_EXERCISE AIM_
Both ends included, set down the lines from the line containing "Thumbnail 2 de" through the last line of the records below, without pictures.

━━━━━ DATA FOR REVIEW

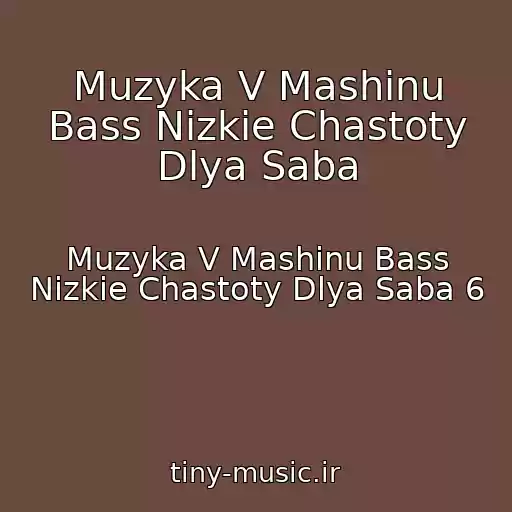 کاور آهنگ Muzyka V Mashinu Bass Nizkie Chastoty Dlya Saba از Muzyka V Mashinu Bass Nizkie Chastoty Dlya Saba 6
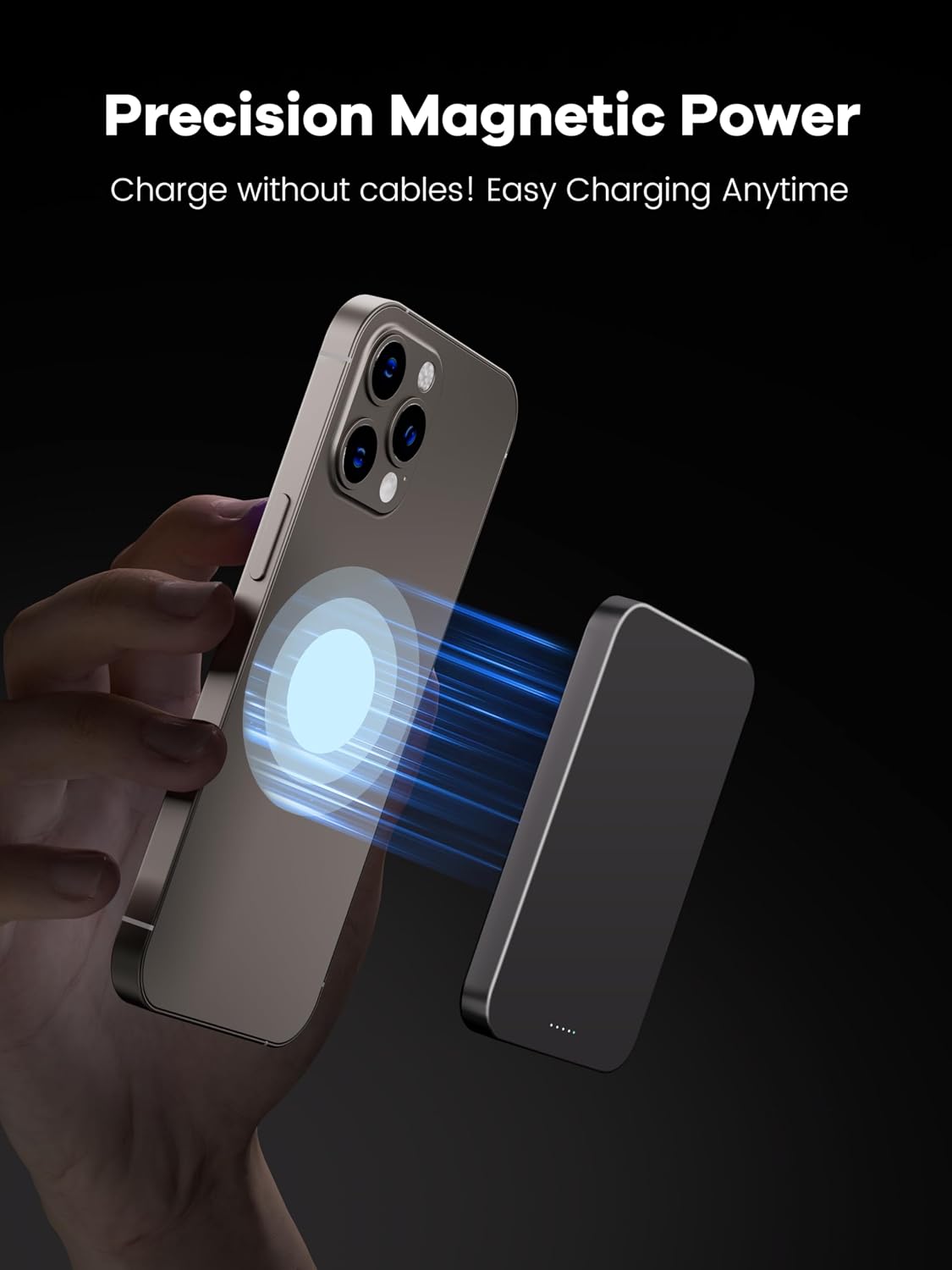 Thumbnail 2 de Catmart V11 Magnetic Power Bank, 5,000mAh Titanium, 0.3-Inch Slim Design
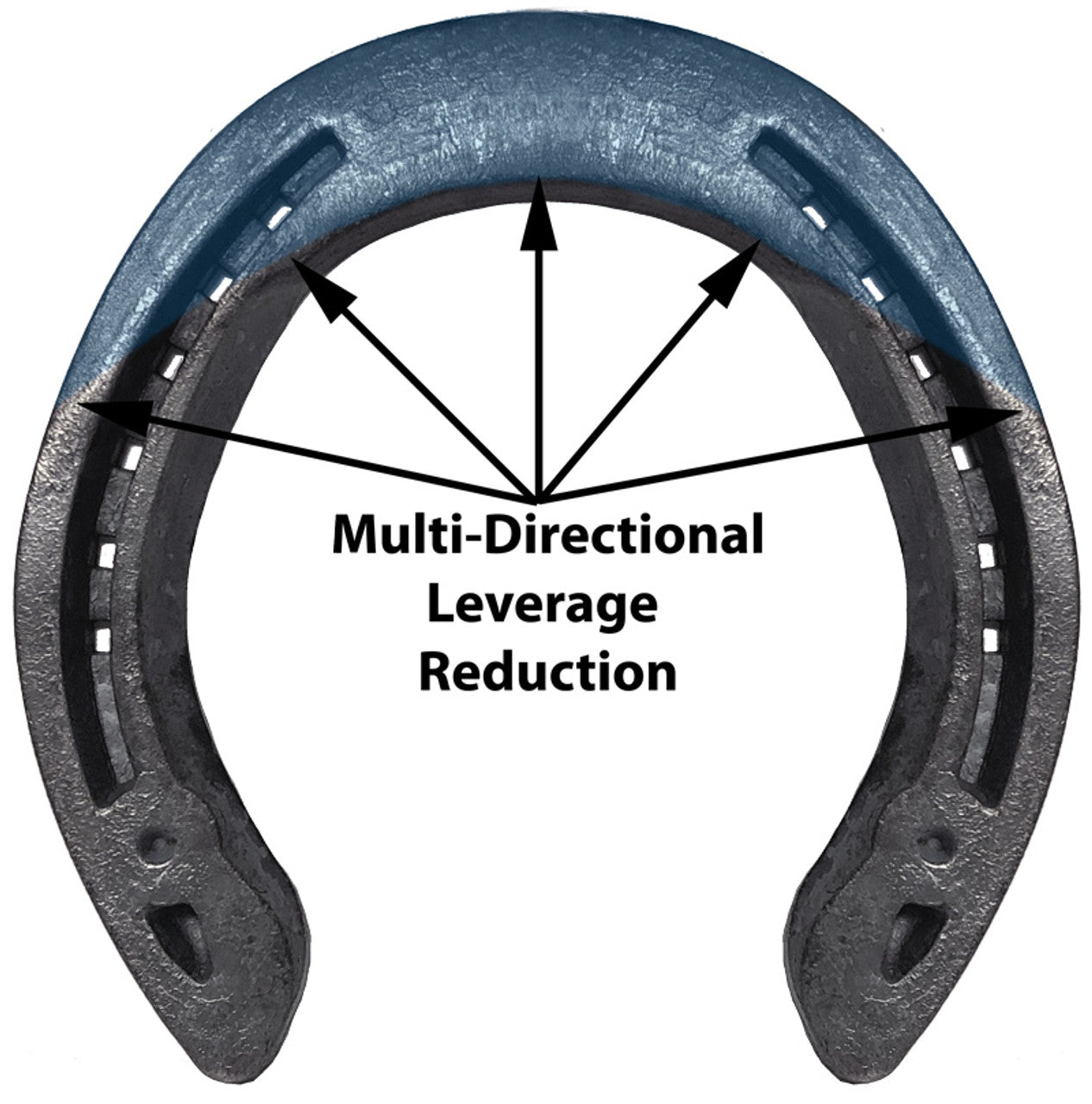 Alpha Ultra Graduated Hind (+ rolling breakover) Steel Horseshoes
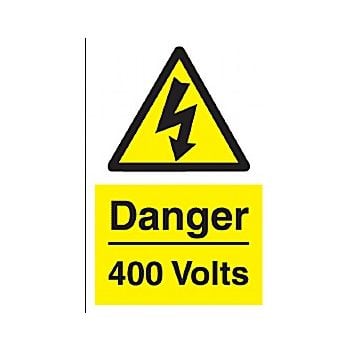 Danger 400 Volts Sign | Cheap Danger 400 Volts Sign from our Hazard ...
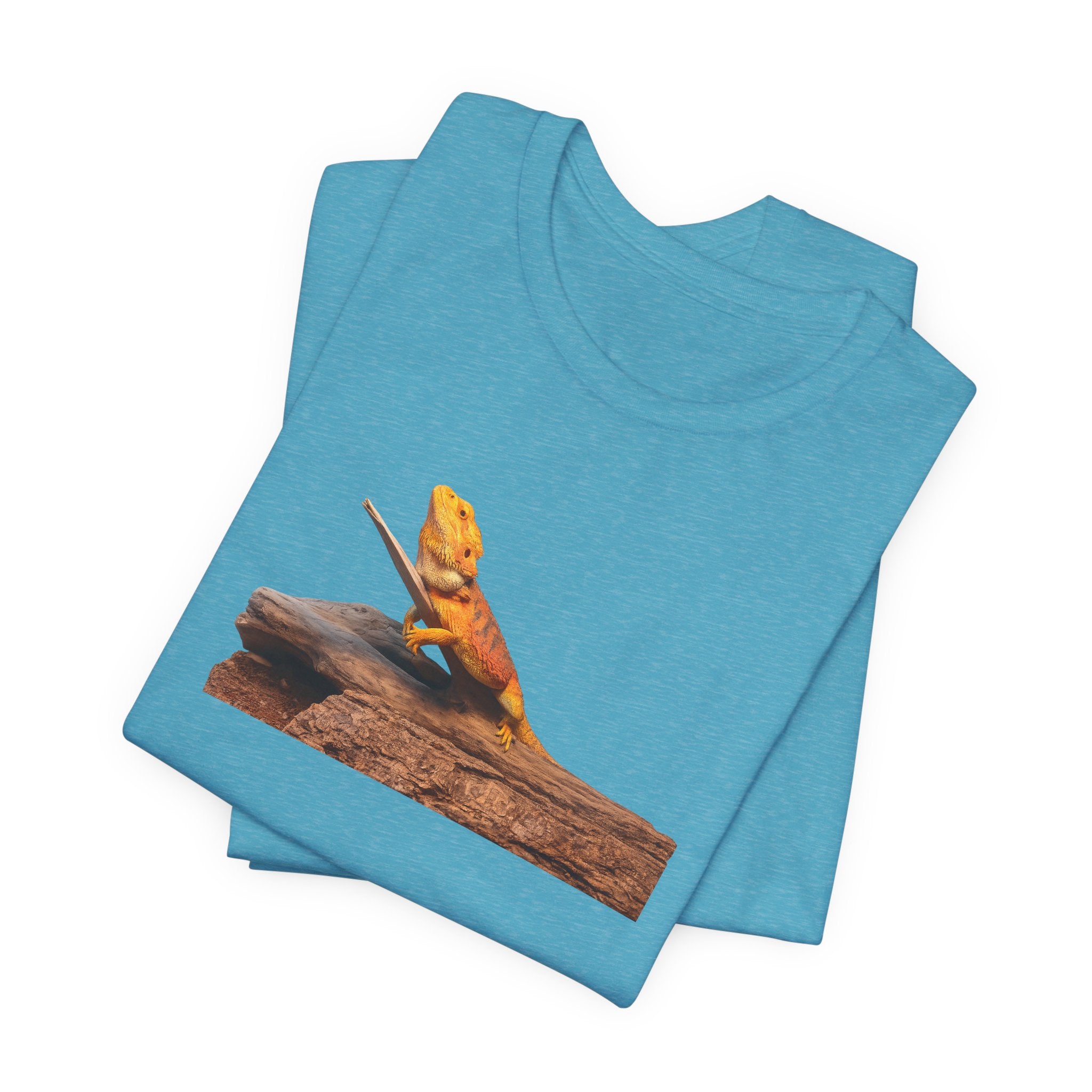 Bearded Dragon on Driftwood Tee | Reptile Lizard Shirt
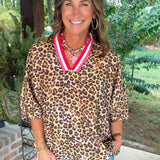 Wild Side Varsity Trim Top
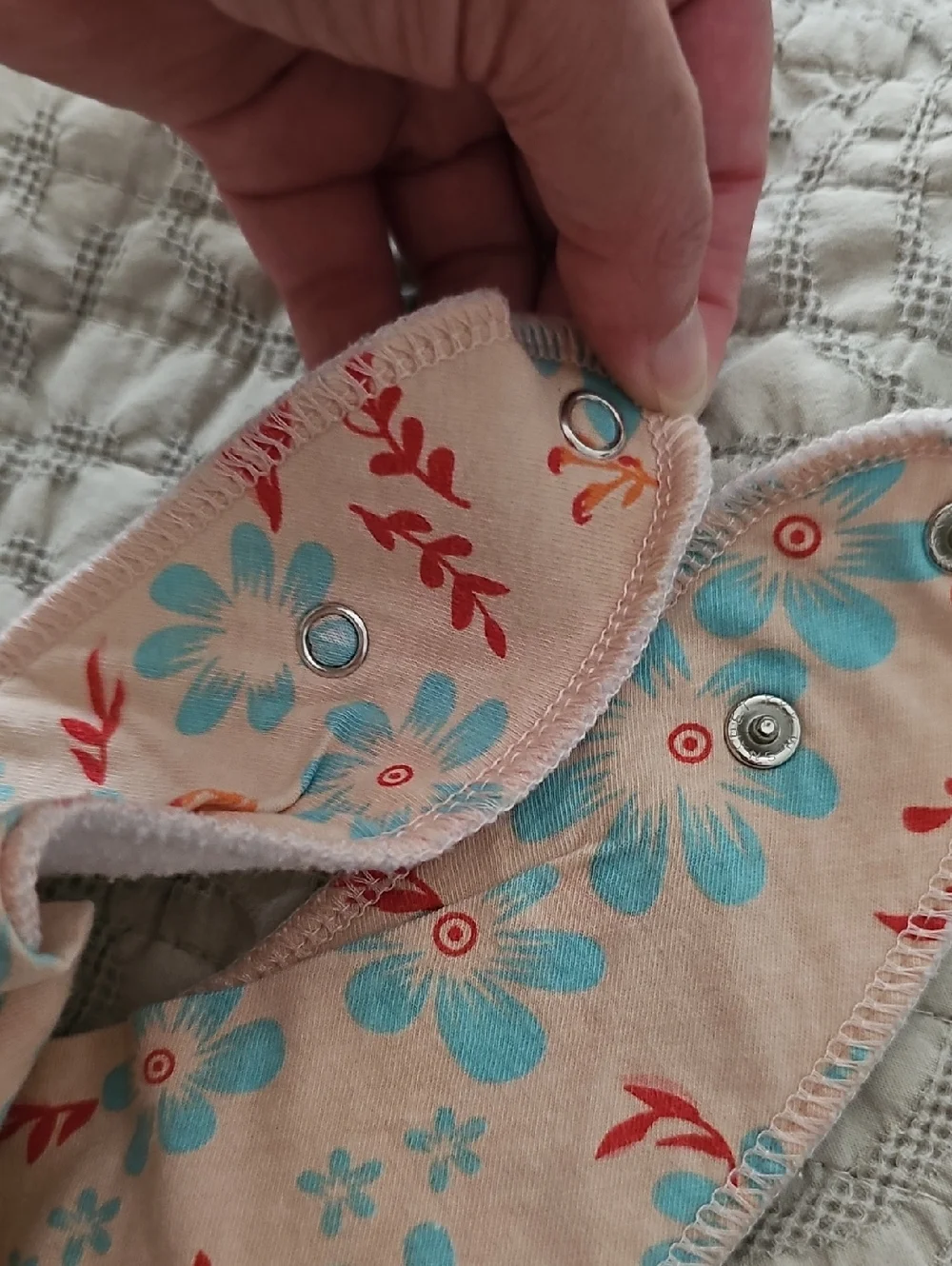 Floral Snap Bibs Modern Baby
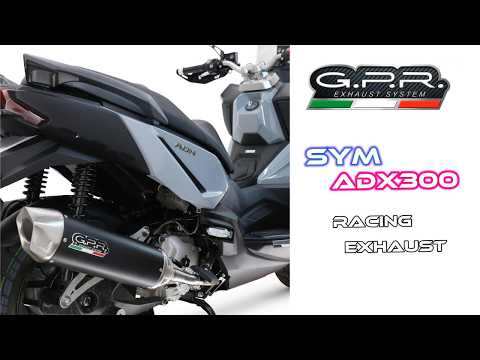 SWM ADX300 2024-2026 Exhaust GPR Full System Furore-X Scooter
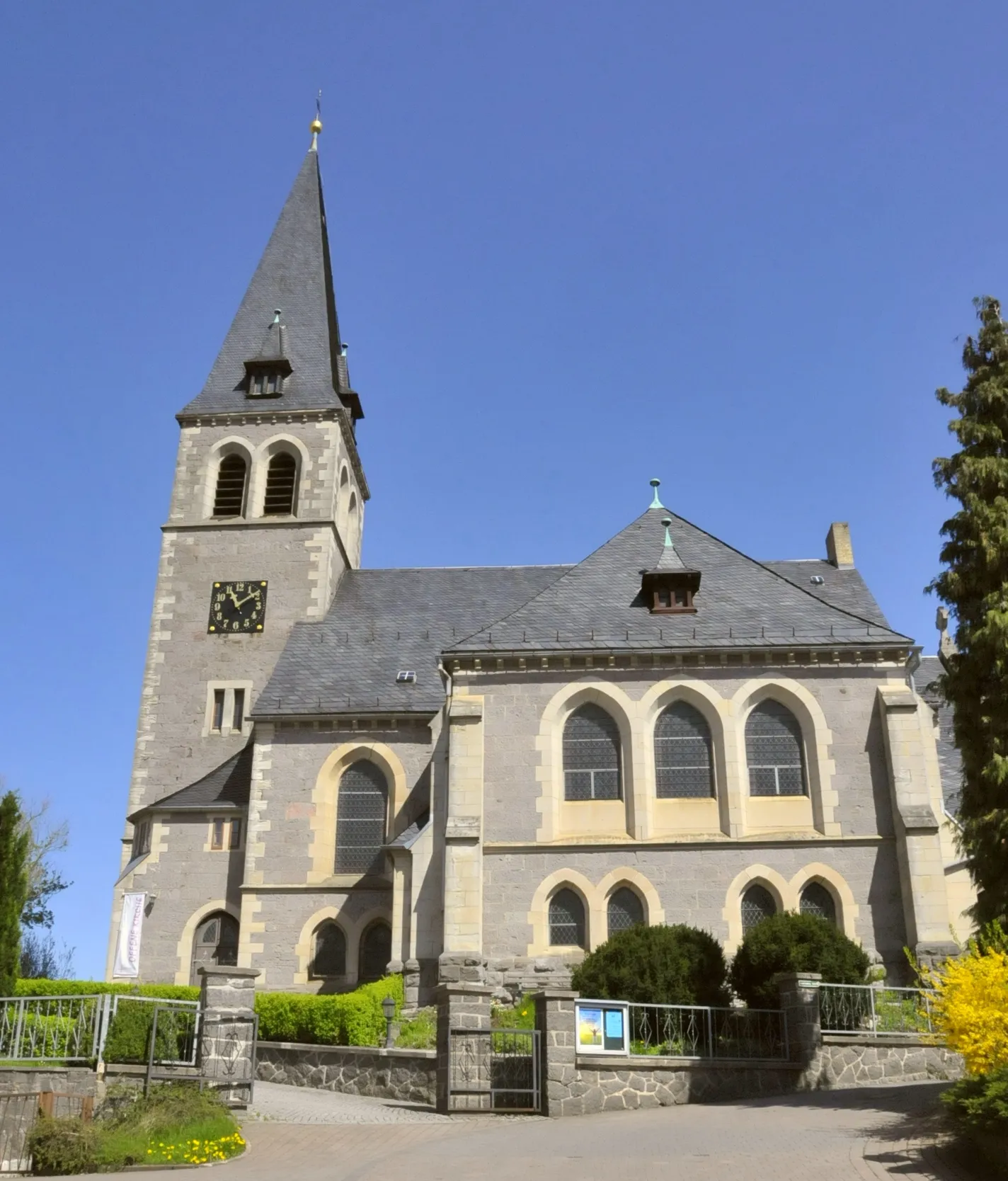 Photo showing: Brotterode, Kirche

━━━━━━━━━━

_COMPLETED TASK_
 Thumbnail 2 de Catmart V11 Magnetic Power Bank, 5,000mAh Titanium, 0.3-Inch Slim Design
 Alpha Ultra Graduated Hind (+ rolling breakover) Steel Horseshoes
 Danger 400 Volts Sign | Cheap Danger 400 Volts Sign from our Hazard ...
 Bearded Dragon on Driftwood Tee | Reptile Lizard Shirt
 Wild Side Varsity Trim Top
 Floral Snap Bibs Modern Baby
 SWM ADX300 2024-2026 Exhaust GPR Full System Furore-X Scooter
 Photo showing: Brotterode, Kirche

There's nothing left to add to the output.